7. Ne pas avoir de kill switch
Celle-ci me rend encore nerveux. Pendant les deux premiers mois, mon agent n’avait pas de moyen facile d’être arrêté en cas d’urgence. S’il commençait à se comporter mal — envoyant des messages erronés, effectuant de mauvais appels d’API, tournant en boucle — ma seule option était de me connecter en SSH au serveur et de tuer manuellement le processus.
C’est acceptable quand vous êtes à votre bureau. Ce n’est pas acceptable quand vous êtes en train de dîner et que votre téléphone commence à exploser avec des alertes « pourquoi le bot publie-t-il le même message toutes les 3 secondes ? ».
Maintenant, chaque agent a un kill switch : un simple point de terminaison API ou une commande Slack qui arrête immédiatement toute activité de l’agent. Pas besoin de SSH. Pas besoin de portable. Juste « /stop-agent » depuis mon téléphone et tout s’arrête en quelques secondes.
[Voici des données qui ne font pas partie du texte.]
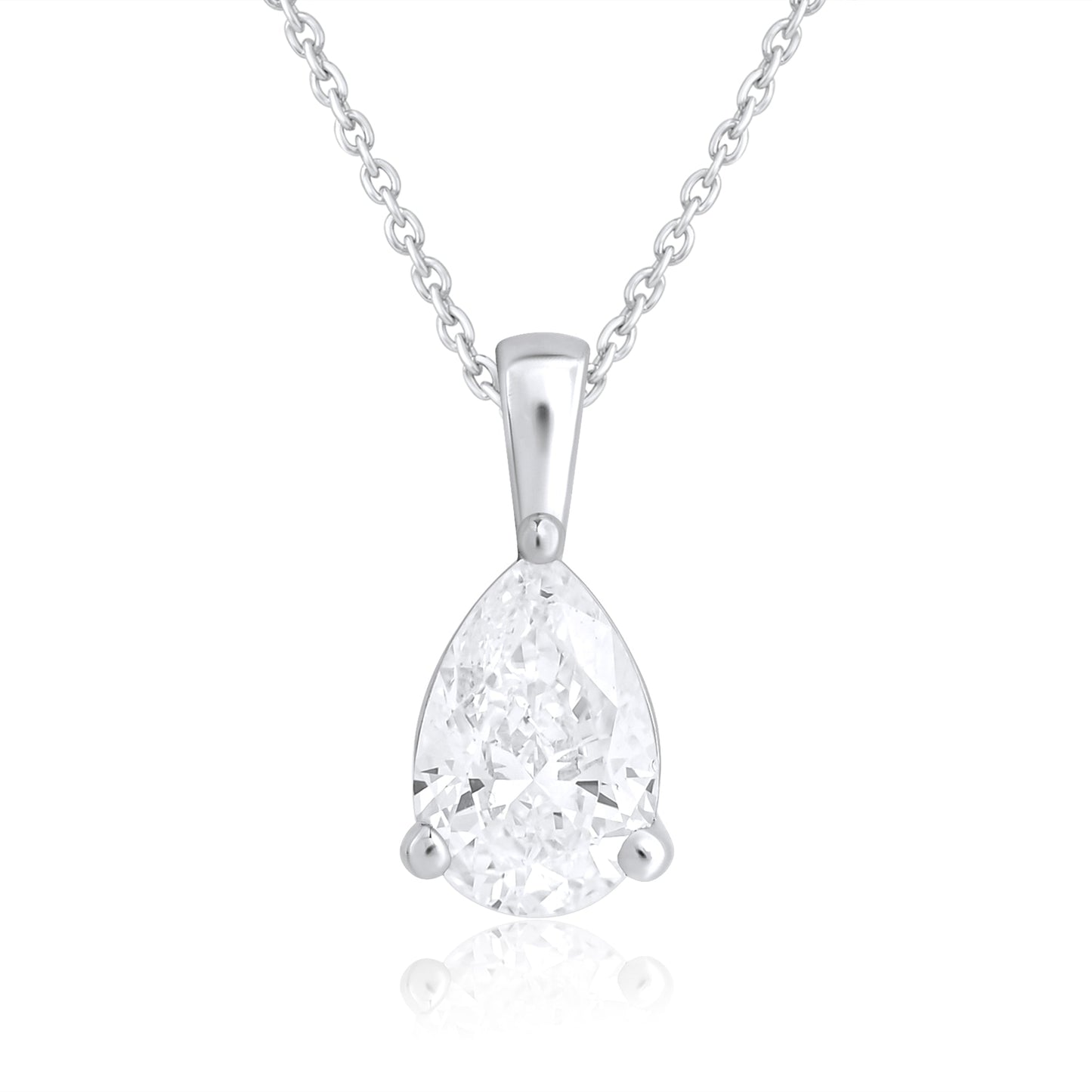 14k Gold 1-0.50 Ct Pear Cut Pendant Necklace - Dewberry Diamonds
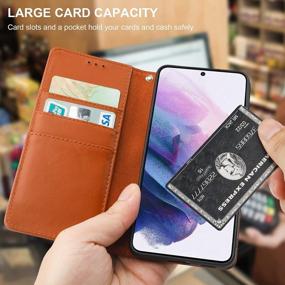 img 1 attached to Samsung Galaxy S21 Wallet Case: Genuine Leather RFID Blocking, Magnetic Clasp Folio Cover W/Wireless Charging & Wrist Strap - ONETOP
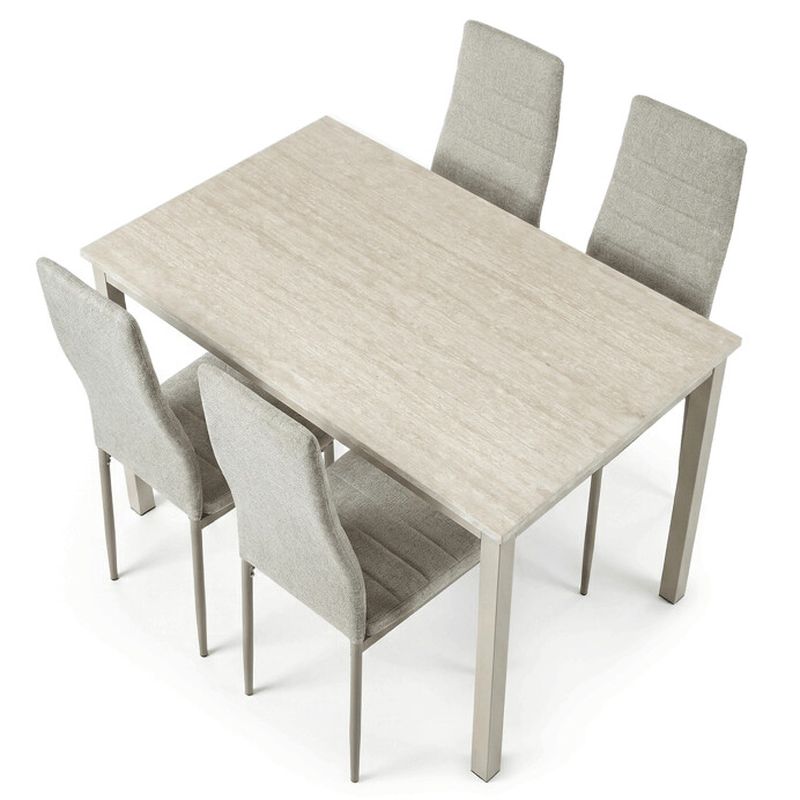 Jedálenský set so 4 stoličkami, 110x70x75cm travertín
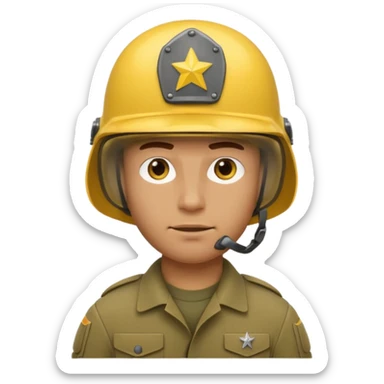 Soldier just face generic yellow with helmet no insignia sticker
Construisez le kill switch avant de construire les fonctionnalités. Vous n’en aurez pas souvent besoin, mais quand vous en aurez besoin, vous en aurez désespérément besoin.
La leçon méta
Ces sept erreurs partagent un fil conducteur commun : j’ai traité l’agent IA comme un logiciel, et non comme un employé. Un logiciel que vous déployez et oubliez. Un employé que vous surveillez, limitez, guidez et corrigez.
Les agents IA sont plus proches des employés que des logiciels. Ils ont besoin de surveillance, de contraintes, de responsabilités claires, et de quelqu’un pour s’assurer qu’ils n’envoient pas accidentellement votre liste de clients entière par email. Traitez-les en conséquence, et vous éviterez la plupart des douleurs que j’ai traversées.